The furore surrounding the division of the exhibition between Athens and Kassel was not only entirely predictable, but essential to its stated aim of provoking discussion. The debate around cultural exchange between two EU member states, even and especially those otherwise at odds, introduces a broader question: What does it mean to be European? The implication that cultural institutions should not attempt to cross borders—that doing so is inherently disrespectful of a local scene—is symptomatic of the same jingoistic insularity that has recently blighted European politics. If there are to be political and economic solutions to the crises that threaten to fragment the continent, then they must be accompanied by the sense of communal identity that only cultural exchange can foster.

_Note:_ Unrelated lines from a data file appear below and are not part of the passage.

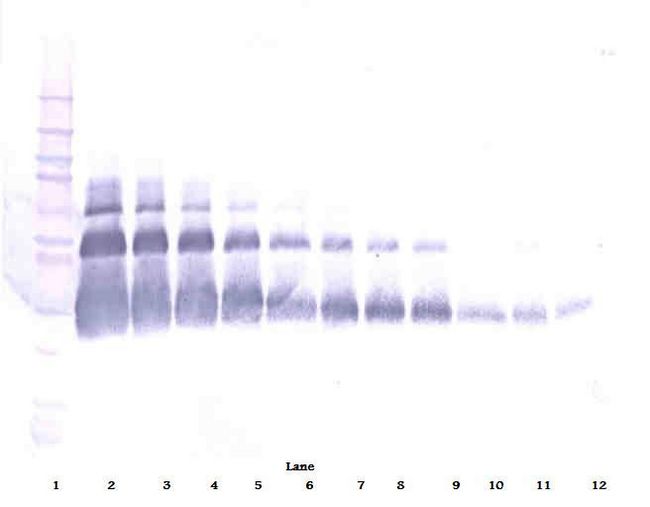 VEGFA / VEGF Antibody - Western Blot (non-reducing) of VEGF antibody. This image was taken for the unconjugated form of this product. Other forms have not been tested.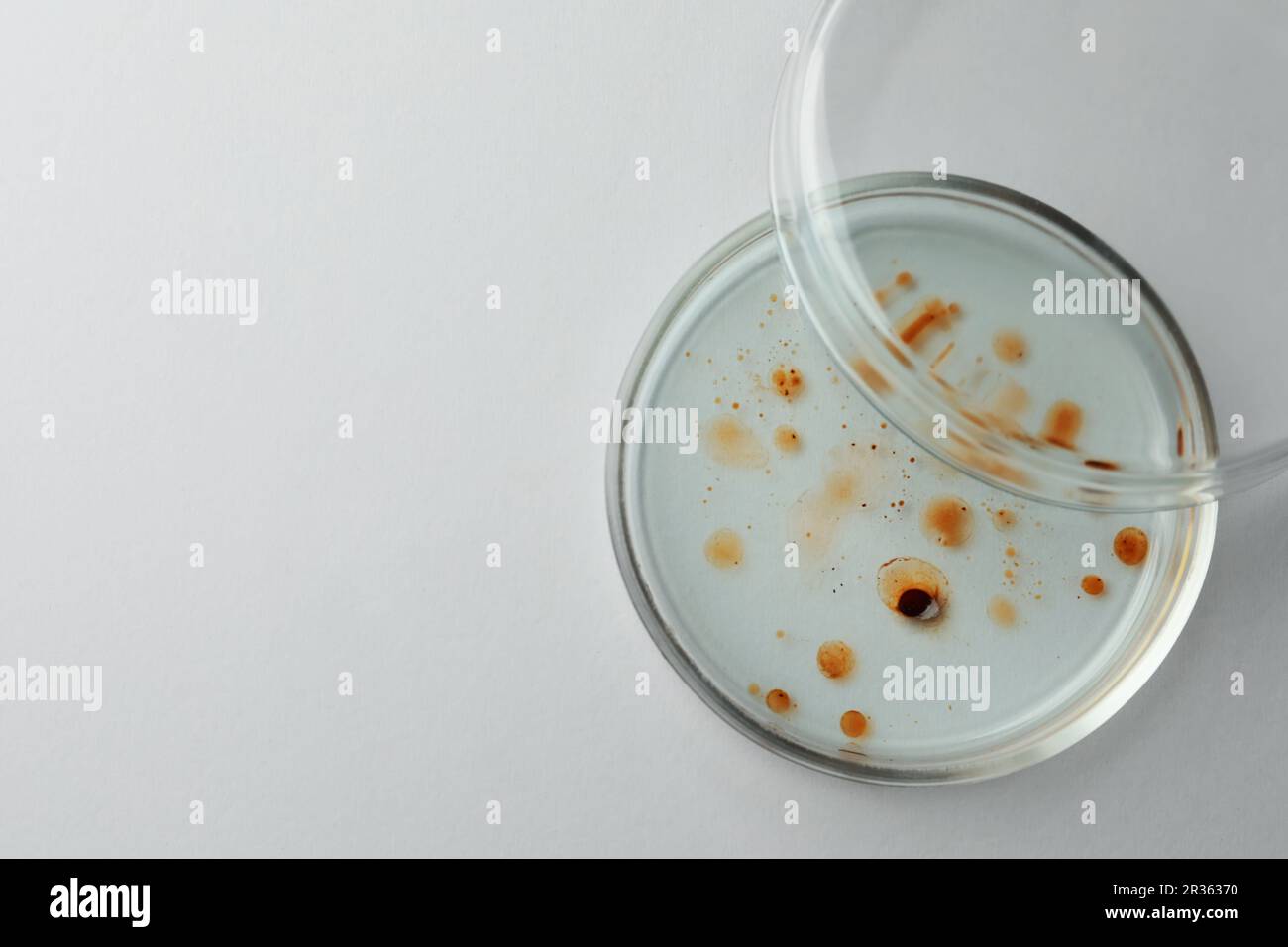 Petri dish with bacteria colony on white background, top view. Space ...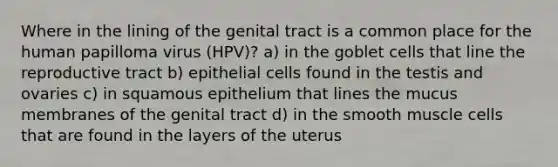 Where in the lining of the genital tract is a common place for the human papilloma virus (HPV)? a) in the goblet cells that line the reproductive tract b) epithelial cells found in the testis and ovaries c) in squamous epithelium that lines the mucus membranes of the genital tract d) in the smooth muscle cells that are found in the layers of the uterus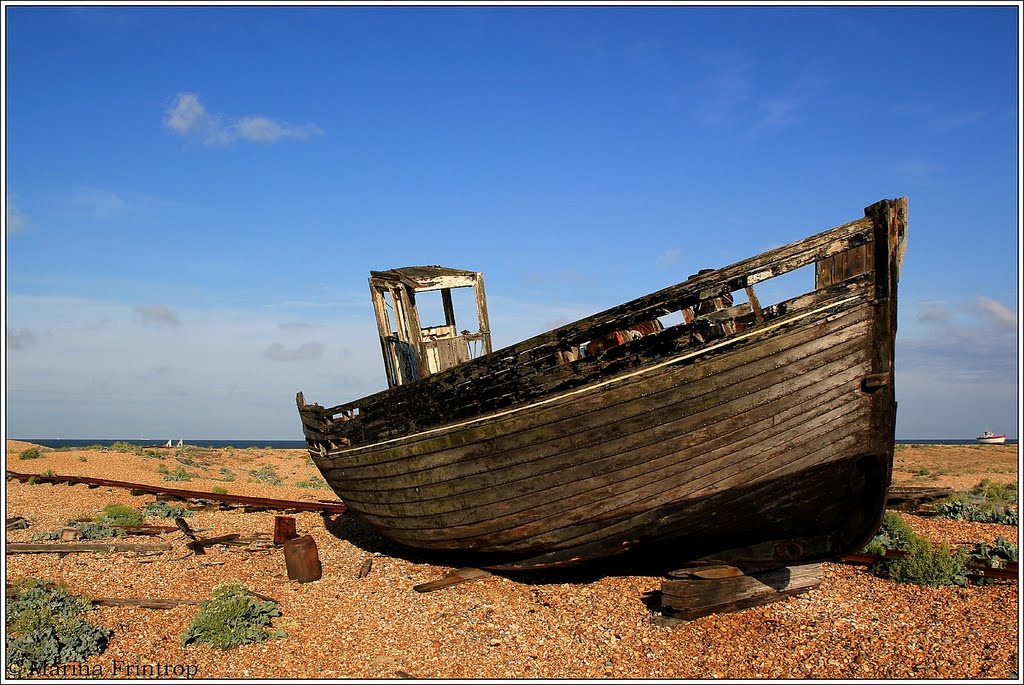 Am Strand von Dungeness, Kent - England by Marina Frintrop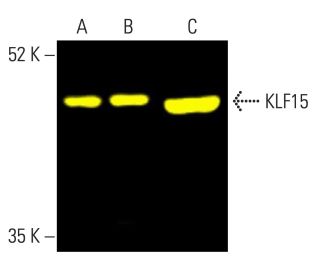 KLF15 Antibody (A-5) - Western Blotting - Image 401997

With the sun setting, I walked back to the terraced house on the hillside where I was staying, part of a bustling suburb crisscrossed by streets named after the philosophers. Seeing me come through the narrow courtyard, Katerina invited me for a glass of home-brewed tsipouro on the flat roof that serves as her sun trap and smoking area. A cat keened for her attention. Deftly rolling a liquorice cigarette paper around three pinches of tobacco, Katerina told me how the neighbourhood had changed since the euro crisis. An architect, she has lived in Mets for thirty years, and now rents outs the small annex to tourists. I asked why her English is so good; she read the poets when she was younger. We talk about Byron, who died a hero of the Greek revolution, and how he despised Elgin. We drank another glass, I told her about documenta, she laughed, we talked some more. I remember the angle of the sun as it set on us, and the pleasure of talking to this woman about the city and culture in which she lived. And the name of her cat comes to me: Anya.